Before World War I, the bluefins were rarely captured and even coastal sightings were exciting events. One measuring 2.7 meters (almost 9 feet) washed up on a German shore in 1903. Those captured in the 1920s ranged from 40 kilograms to giants of 700 kilograms, with an average weight of 50 to 100 kilograms.
After World War I, ever better know-how and equipment, including harpoon rifles and hydraulic net lifts, helped northern European fishers land burgeoning quantities of tuna.
Major tuna fishing countries at the time such as Norway, Denmark, Sweden and Germany, recorded virtually no bluefin landings in 1910 and almost 5,500 tonnes by 1949. In 1915 nearly 8,000 bluefin (690 tons) were landed in Gothenburg, Sweden alone.
n 1929, Denmark built its first tuna cannery – a milestone in the new industrial approach echoing elsewhere in Europe. In the 1920s, the catch peaked at Boulogne, France, homeport for the French bluefin fishers in the North Sea.
Landings of bluefin tuna by northern European boats in record numbers soared through the 1940s and by decade’s end approached the catch levels of traditional Mediterranean fisheries. In 1949, Norway had 43 boats in pursuit of the bluefin; the next year it had 200. Norwegian catches briefly exceeded 10,000 tons per year in the early 1950s.
Better means of catching the tuna early in the 20th Century also attracted sport fishing pursuits and businesses, beginning in the 1920s. One sport fisher caught 62 bluefins near the Danish island of Anholt in 1928 as enthusiasm spread quickly through the U.K., Norway and elsewhere.

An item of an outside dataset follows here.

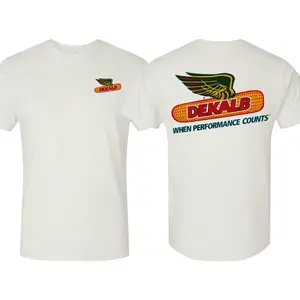 Dekalb Tee When Performance Counts Tee Farm Wear Cotton Short Sleeve T-Shirt,  Perfect For Workwear Fits, Rural Vibes,  Soft, Versatile, And Effortlessly Cool,Gift For Farmers, Outdoors Lovers & Blue-collar Fashion Fans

Abundant fish allowed recreational fishermen to establish the Scandinavian Tuna Club, which arranged bluefin tournaments in the straits between Denmark and Sweden until the early 1960s.

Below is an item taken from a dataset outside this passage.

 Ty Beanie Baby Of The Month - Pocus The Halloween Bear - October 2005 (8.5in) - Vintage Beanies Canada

The authors say the fish was a top predator in the North Atlantic ecosystem, feeding largely on herring and mackerel, squid and other species. By one estimate from the 1950s, some 30% of all herring consumed by its predators in the area was ingested by bluefin tuna.

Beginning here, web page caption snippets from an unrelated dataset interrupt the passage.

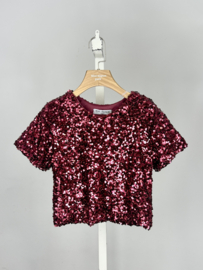 Sparkle Queen Top - bordeaux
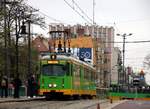 MPK Poznan Düwag GT8 Wagen 903 (ex Frankfurt) am 14.11.18 in Posen (Polen).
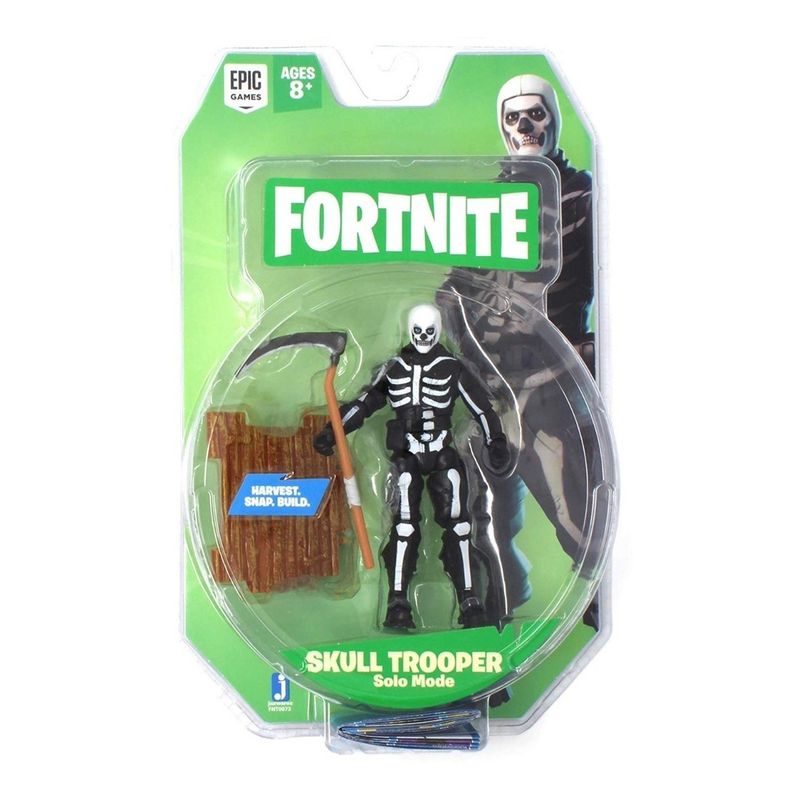 GENERICO - Fortnite Solo Mode Core Figure Pack Skull Trooper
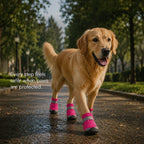 DriftTrail Boots | Waterproof, Non-Slip Dog Boots | Set of 4 | All-Season Paw Protection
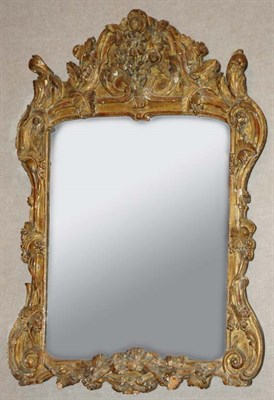Lot 1331 - Louis XV Gilt-Wood Mirror Late 18th century...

The booming catches helped strip the Atlantic bluefin population in a relative blink of time – 1910 to 1950. The species virtually disappeared from the region in the early 1960s and is still rare today.
Financed by the CONWOY project of Denmark’s National Science Foundation and the European Union’s MARBEF Network of Excellence, the work is part of the History of Marine Animal Populations, one of 17 projects that comprise the global Census of Marine Life.
Says Dr. MacKenzie: “We can’t say with certainty that over-exploitation is the smoking gun in the bluefin tuna’s disappearance – but clearly there’s been a murder.
“We’ve shown bluefin tuna were here for a long time in high numbers. High fishing pressure preceded the species’ virtual disappearance from the area and apparently played a key role but other factors under study might have compounded the fishery’s demise –the catch of juvenile tuna in subsequent years, for example.
“As well, it’s important to note that fishers from many other countries in Europe as well as Japan, the U.S. and Canada, contributed to the soaring increase in North Atlantic bluefin tuna fishing throughout the last century. We hope our work will inspire a more precautionary approach to the management of bluefin tuna in the Atlantic, with more concern about re-establishing and maintaining the historical range of the species.”
Tuna Present
Another new study suggests that the bluefin tuna that historically foraged in the Norwegian and North Seas in summer likely commuted to and from the area via waters off the northwest coast of Ireland.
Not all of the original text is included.